There is Federal judicial precedent for allowing customer data to be auctioned off in bankruptcy proceedings, as the Federal Trade Commission in 2011 allowed Borders Books to auction personal data based on the same privacy policy extant in the Radio Shack case..

In another unrelated case, all that personal data you supplied or verified with Experian when you were referred over to them following the Target data breach has also been compromised. I am assuming that you were one of the 110 million Americans whose PI was stolen from Target. If not, then good for you. If so, then you should realize that there is a high likelihood that your personal information is now in the hands of black market dealers. As you probably know, after the Target breach, they recommended their victims to a free one year program for identity theft protection through the Experian credit bureau.

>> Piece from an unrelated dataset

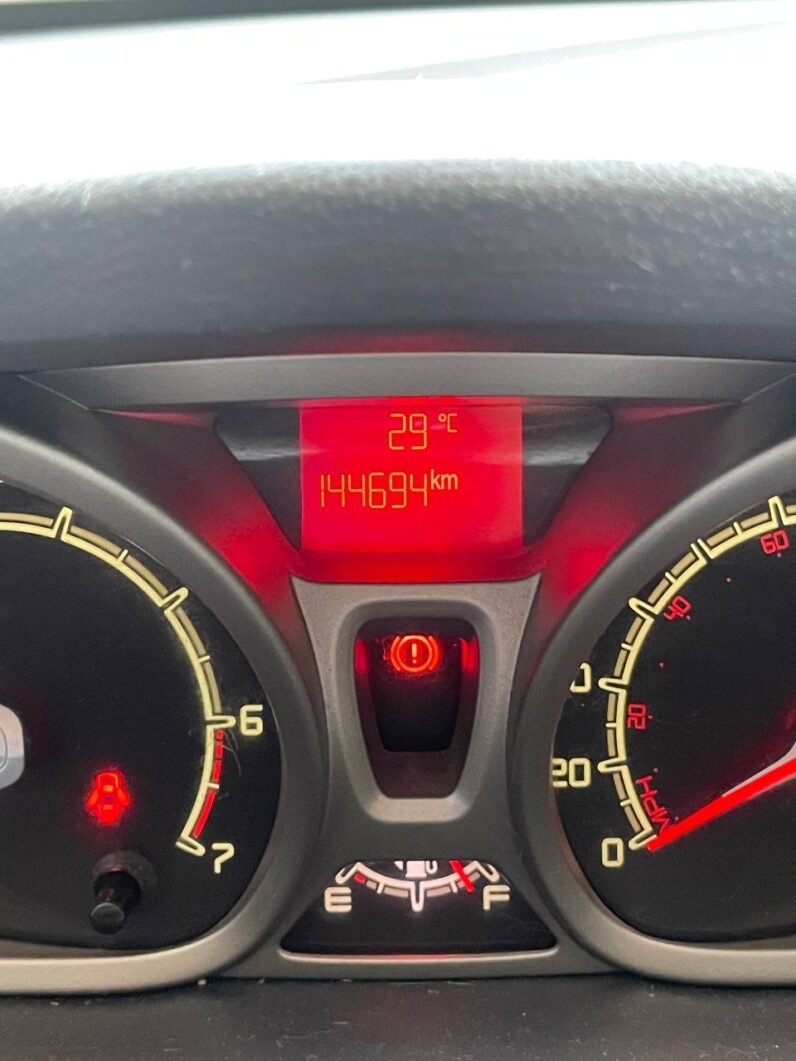 
								FORD FIESTA SE MT 1.6 SD full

Just prior to that referral program, Experian had its own breach and lost (unspecified) millions of names, addresses and social security numbers to a hacker who struck again after the program was in place. It took U.S. Secret Service agents to bring Experian’s attention to the breach. Experian denies any knowledge of the attack, but sources say a Vietnamese hacker has been selling this data to identity thieves around the globe.

Since Radio Shack essentially doesn’t exist anymore, I suppose its okay for them to renege on their promise to keep your data to themselves, but are you really willing to share this sort of information in the future? Since it is clear that you can never be sure where your data will end up, it might be a good idea to keep it to yourself. The most effective security protection system for your employer’s data and for your personal information is … YOU.